Even if
]A]ccording to a new modeling study published in Scientific Reports today, even if we made such drastic reductions permanent, it would still not be enough. The study shows that if we stopped all human-made greenhouse gas emissions immediately, the Earth’s temperatures would continue to rise because of self-sustaining melting ice and permafrost. These “feedback loops” — in which melting ice causes less sunlight to be reflected back into space, which in turn raises temperatures and causes more ice melt — have already been set into motion, the researchers argue.
I read something about it a couple of days ago – the melting tundra. It’s melting so fast and there’s so much of it that it’s going to dump more carbon than we can possibly compensate for even at zero emissions – aka it’s too late.
Humanity “is beyond the point-of-no-return when it comes to halt the melting of the permafrost using greenhouse gas cuts as the single tool,” Jørgen Randers, PhD, professor emeritus of climate strategy at BI Norwegian Business School and lead author of the study, tells Future Human.
For decades, climate scientists have tried to predict the so-called tipping point at which it would be too late to stop global warming — too late to limit the amount the temperature rises, the amount of sea level rise, and the number of lives claimed by both and other climate-induced ecological disasters — through reducing carbon emissions alone. Climate scientists point to either 2030 or 2050 as deadlines for the world to get to zero emissions before runaway climate change kicks in. But according to the new study, no matter how much we reduce emissions now, he says, warming will continue, and the self-sustained melting of Arctic ice and permafrost that has already begun could continue for 500 years.
It’s not 2050 or 2030 or even 2020; we passed it some time ago.
Will carbon sequestration save the day? Well…
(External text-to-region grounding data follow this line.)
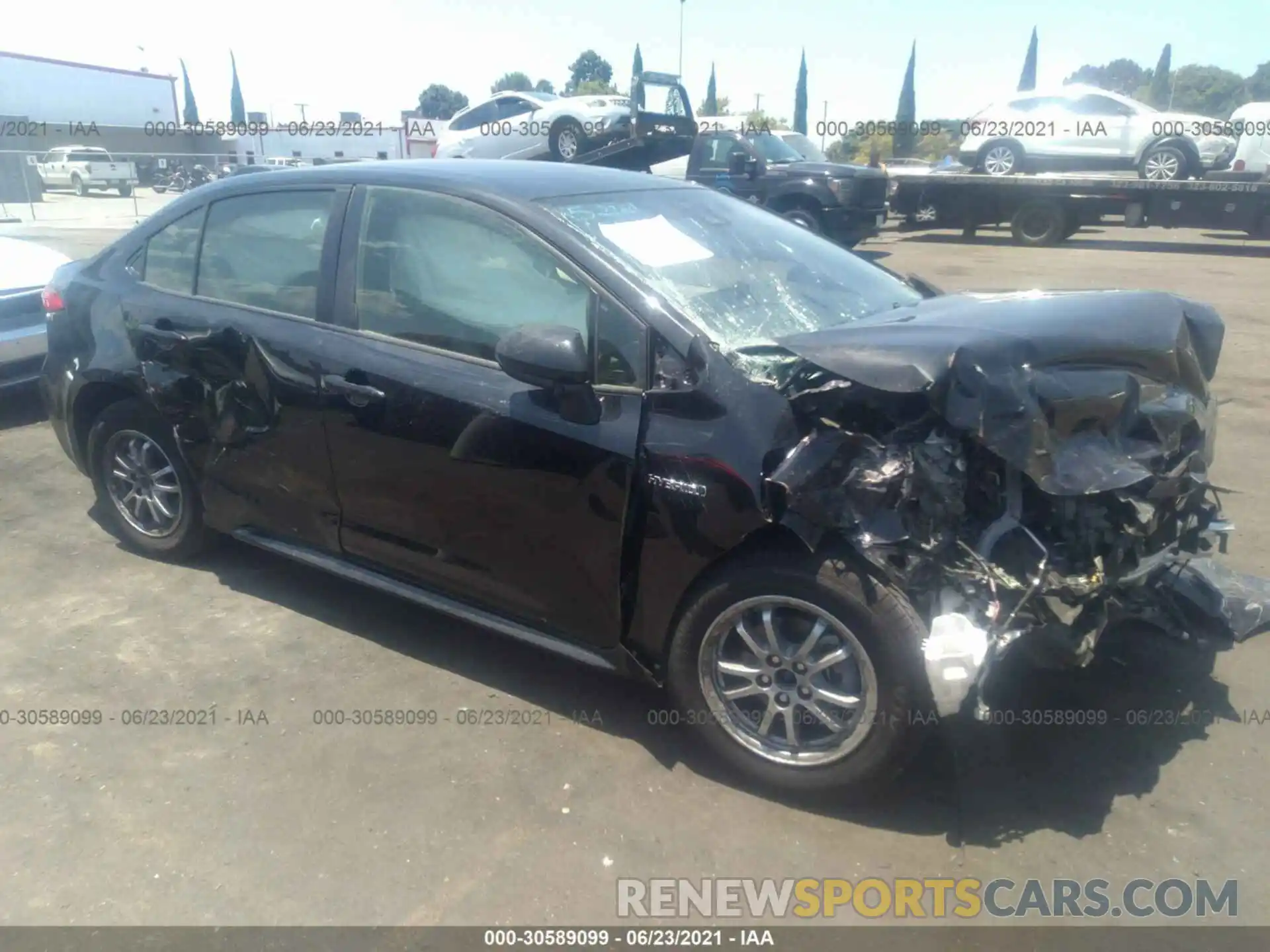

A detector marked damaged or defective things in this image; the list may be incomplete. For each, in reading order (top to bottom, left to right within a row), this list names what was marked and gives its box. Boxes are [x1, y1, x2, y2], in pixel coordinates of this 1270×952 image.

shattered windshield [537, 186, 921, 349]
crumpled hood [773, 288, 1228, 497]
damaged bumper [751, 292, 1270, 719]
crushed front end [751, 294, 1270, 719]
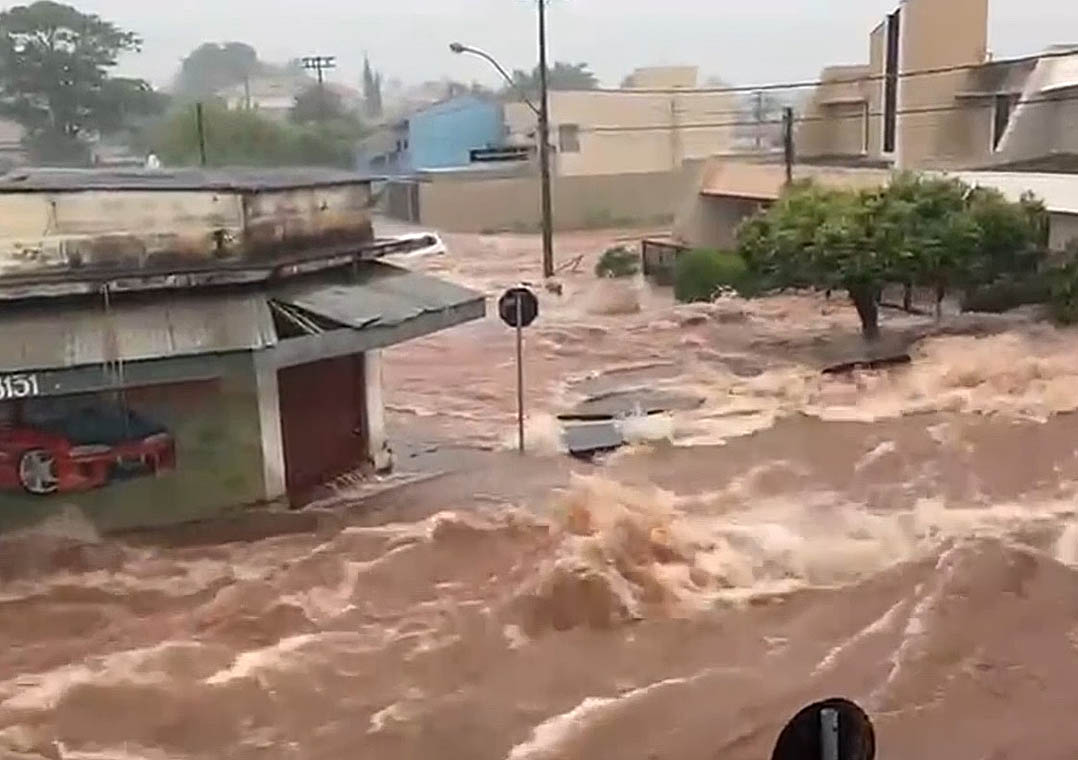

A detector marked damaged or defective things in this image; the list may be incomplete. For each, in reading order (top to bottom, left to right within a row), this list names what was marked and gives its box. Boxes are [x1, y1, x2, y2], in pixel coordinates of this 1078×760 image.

rusty roof panel [0, 291, 278, 372]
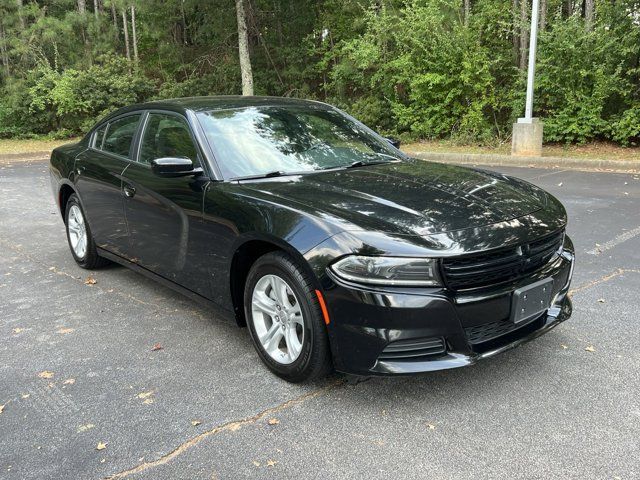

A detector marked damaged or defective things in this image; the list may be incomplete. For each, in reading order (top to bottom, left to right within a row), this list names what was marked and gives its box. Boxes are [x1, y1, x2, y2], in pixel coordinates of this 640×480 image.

crack in asphalt [105, 380, 348, 478]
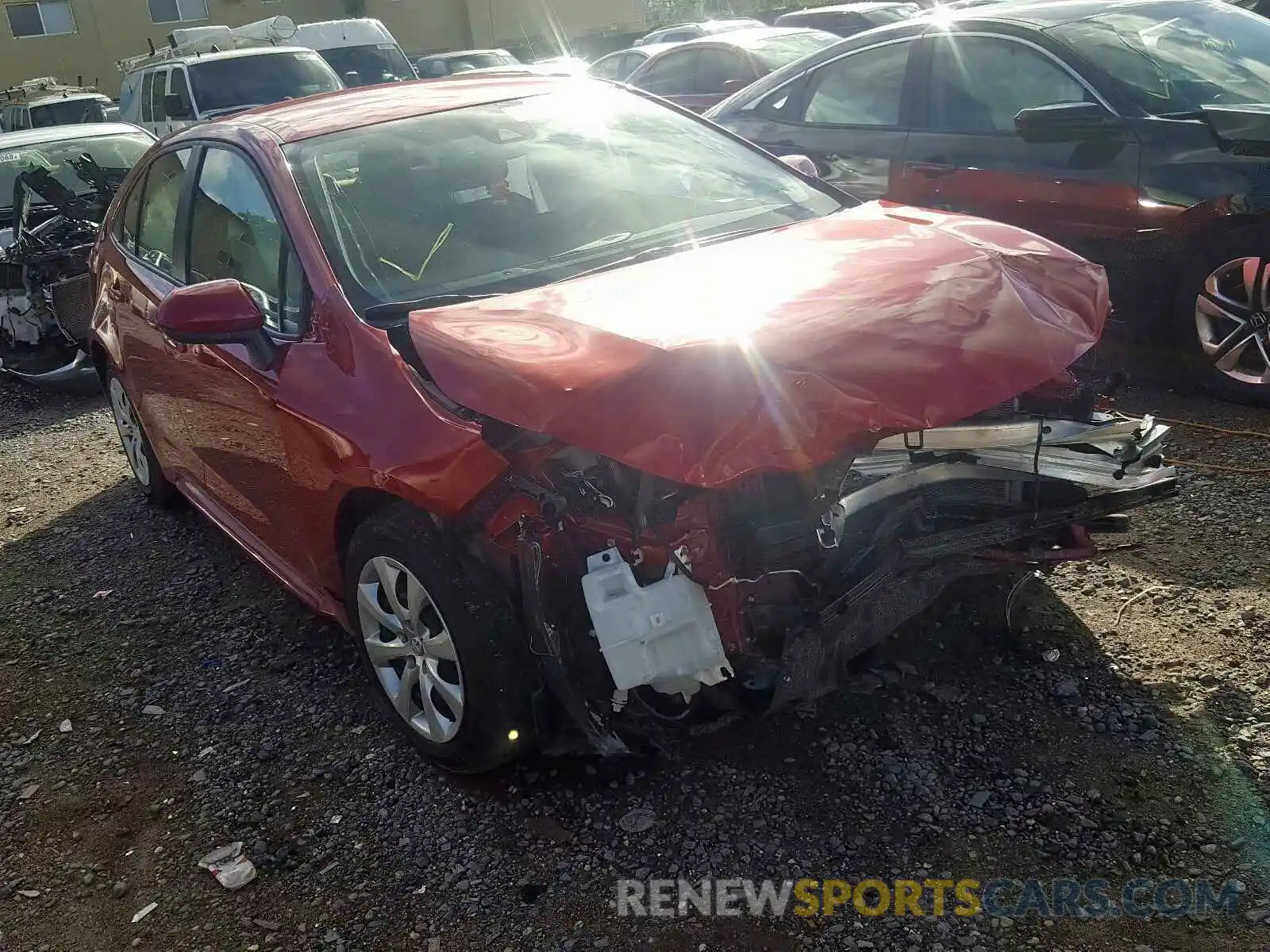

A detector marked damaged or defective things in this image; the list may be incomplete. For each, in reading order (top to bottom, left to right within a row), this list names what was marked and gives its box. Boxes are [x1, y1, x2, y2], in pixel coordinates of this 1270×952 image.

wrecked vehicle [2, 123, 155, 382]
wrecked vehicle [91, 78, 1181, 771]
crumpled hood [406, 199, 1099, 482]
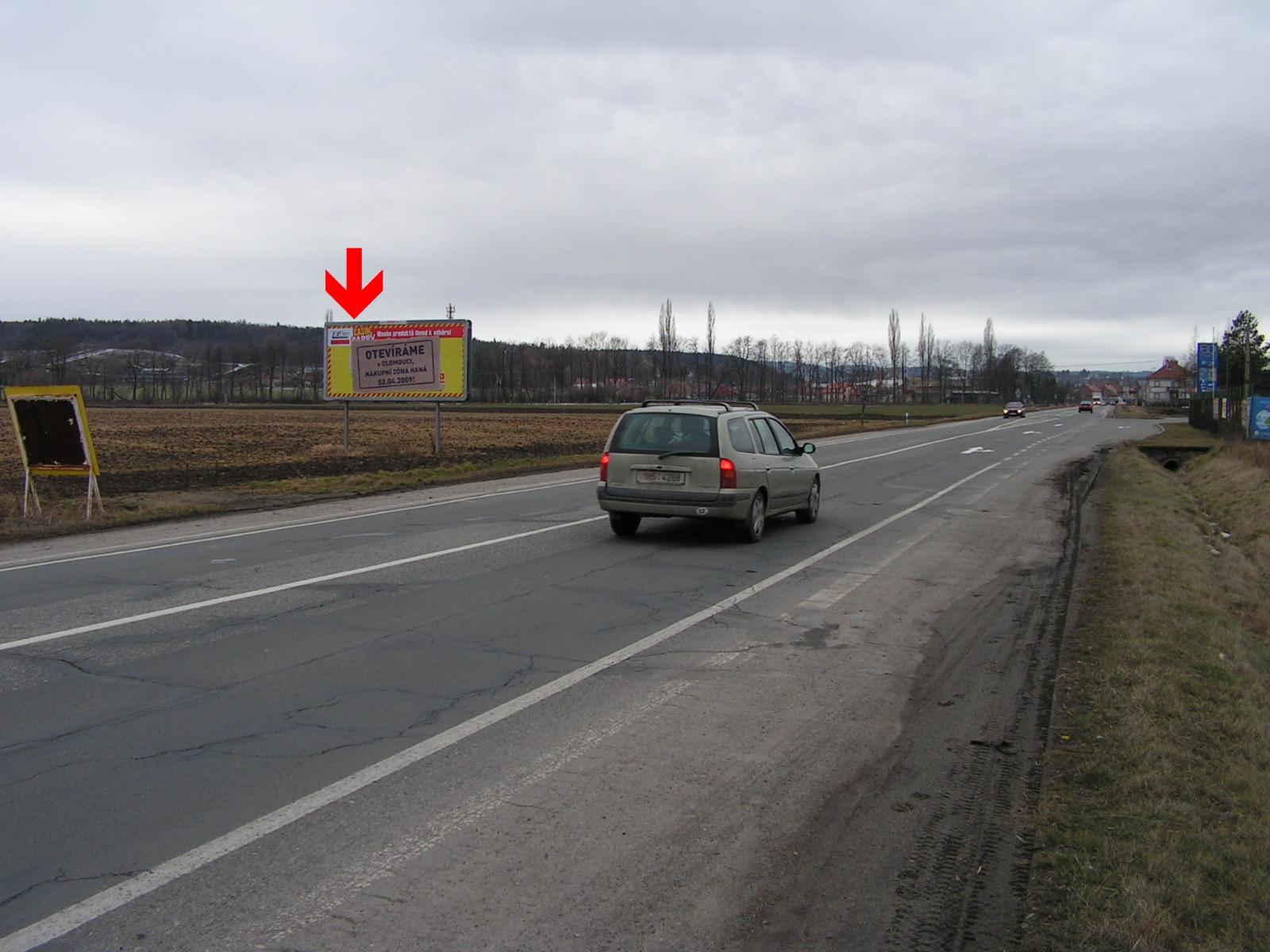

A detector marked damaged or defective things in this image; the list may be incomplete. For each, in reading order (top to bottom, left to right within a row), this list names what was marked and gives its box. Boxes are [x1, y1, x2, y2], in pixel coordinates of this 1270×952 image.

To stop self-sustained melting — and the expected rise in temperature and sea level after emissions cease — Randers says the world must undertake a massive effort to capture carbon out of the atmosphere and store it back underground, a technology known as carbon sequestration. And we would have to start sucking at least 33 gigatons out of the air every year, starting this year. For comparison, all animal life on Earth collectively weighs an estimated two gigatons.
It’s kind of a big job.
It’s not just the carbon – it’s the methane. The permafrost has been releasing stored methane for some time. We’ve known for quite a while that it was too late, but we were always warned against saying that, because humans wouldn’t change their ways. I sort of said it anyway, because humans aren’t going to change their ways if they think there is no problem.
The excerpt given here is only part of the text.